Freedom of Expression Vs. Hate Speech – An Ethical Dilemma

Dr. Sumera Batool, Assistant Professor, Department of Mass Communication, Lahore College for Women University, Lahore

The controversies on intolerance for others and clash of opinions have raised a question of conflict between freedom of expression and hate speech. This dilemma needs to be addressed by legal and ethical considerations. The media, specifically social media, is such a platform that brings the consumers on a common board by providing the avenues of expression and raising the voices and issues of marginalized communities or groups. Whereas the power of social media is realized by providing immediate and high level of interactivity but the use of social media is questionable in this regard. The articulation of hatred against the targeted communities with the cover of freedom of expression is considerably important to discuss. The hate speech endangers the rights of the targeted ones. This paper attempts to draw the working narratives of freedom of expression and hate speech, to document the growth of legal framework for freedom of expression and hate speech, to focus on the ethical framework for the social media users. This paper argues for the need of collective and shared responsibility from the three stakeholders; state, media and individuals.



Working Group 3: Conflict Communication: From Challenges to Opportunities

Chair: Prof. Rune Ottesen

Moderator: Prof. Dr. Abida Ashraf


Conflict, Media and Nation-building

Dr. Faizullah Jan, Chair & Associate Professor, Department of Journalism & Mass Communication, University of Peshawar

The paper aims to first provide a thorough understanding of what is nation-building and what is the situation of conflicts in Pakistan and how the two go together. I would argue how the three concepts of ideological legitimation, social integration and state building play a role in nation building. The roles of security, justice and reconciliation, social and economic well-being and governance with reference to media will be explored in their relevance to the nation- building effort. The study is divided into three sections. The first will explore the main elements involved in nation-building and provides a brief history of Pakistan. The second section will give an overview of extremism and violence in Pakistan.  And the third section integrates the two in order to provide a case for nation building in Pakistan. In conclusion I discuss how media education can help in developing a guideline to integrate the conflicts into nation-building process.  The idea is to highlight the intricacies involved in the process of nation- building and the open up a debate for the efforts that are required to make nation- building a success.


Constructing the Social Reality of Militancy in Pakistan: A Discourse Analysis of TTP Text on Social Media

Dr.
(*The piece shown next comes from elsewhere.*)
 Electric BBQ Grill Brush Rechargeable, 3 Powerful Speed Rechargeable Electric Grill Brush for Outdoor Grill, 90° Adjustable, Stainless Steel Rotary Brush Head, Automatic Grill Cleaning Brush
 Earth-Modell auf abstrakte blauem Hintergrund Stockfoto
Pervez Khan, Head, Dept. of Journalism and Mass Communication, Kohat University of Science and Technology, Kohat 

The Tehreek-e-Taliban Pakistan (TTP) Like Al-Qaeda and the Afghan Taliban realized the importance of communication technology and mediums to propagate its messages and gather support for its organization. This paper aims to examine how TTP constructs its social reality through online blog and defines the ‘Self’ and the ‘Other’. The researcher adopts Laclau and Mouffe’s Discourse Theory to analyze the TTP’s text posted on the blog site  Time period selected for this research work is December 2014 where TTP constructs it’s reality during the military operation Zarb-e-Azb. The analysis reveals the discursive strategies used by the TTP in constructing their social reality of their world and in articulating the identities of the ‘Self’ and the ‘Other’. Analyzing the text of TTP with its context is important in understanding TTP’s world view and in building counter narratives, which Pakistan and its allies can use it to their strategic advantage.
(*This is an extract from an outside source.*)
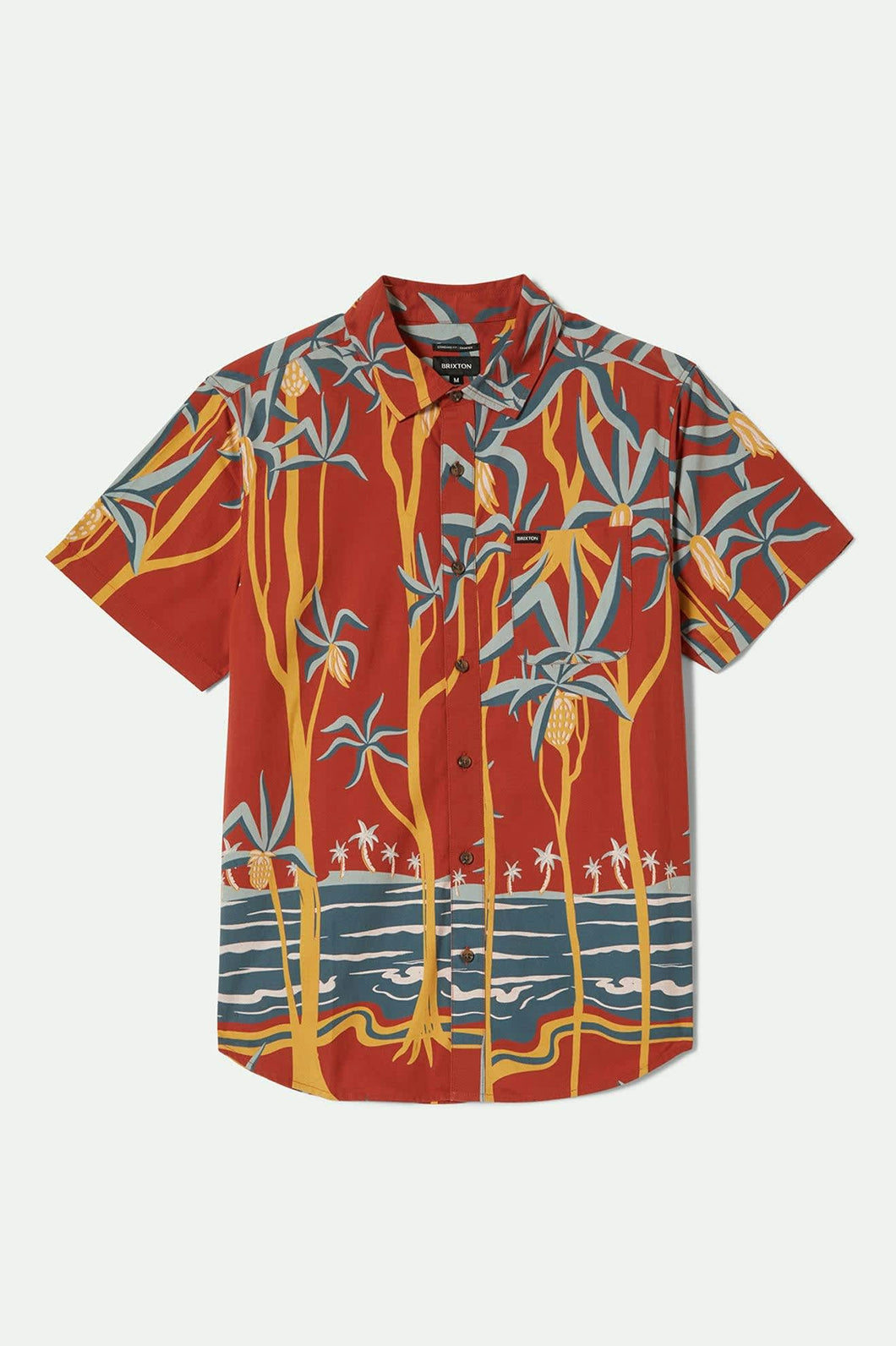 Brixton Charter Print S/S Woven Dark Red Scenic Trip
Communication and Conflict: Towards a Framework of Conflict Resolution

Dr Bakht Rawan, Associate Professor, Department of Mass Communication, Allama Iqbal Open University, Islamabad

The role of mass media in conflict resolution, especially macro-level conflicts which may be intra-state or enter-state, is generally based on the framework of peace journalism. This framework is derived from the outdated notion of conflict as armed/ violent conflict or war and media’s role has been limited to reporting it. Such a framework does not take into account movies, music industry, video market, sports, tv drama, advertisements, etc. Hence we need a broader framework encompassing all types of media content and strategies which lead to escalation and de-escalation of large scale conflicts (both armed and unarmed) in the society.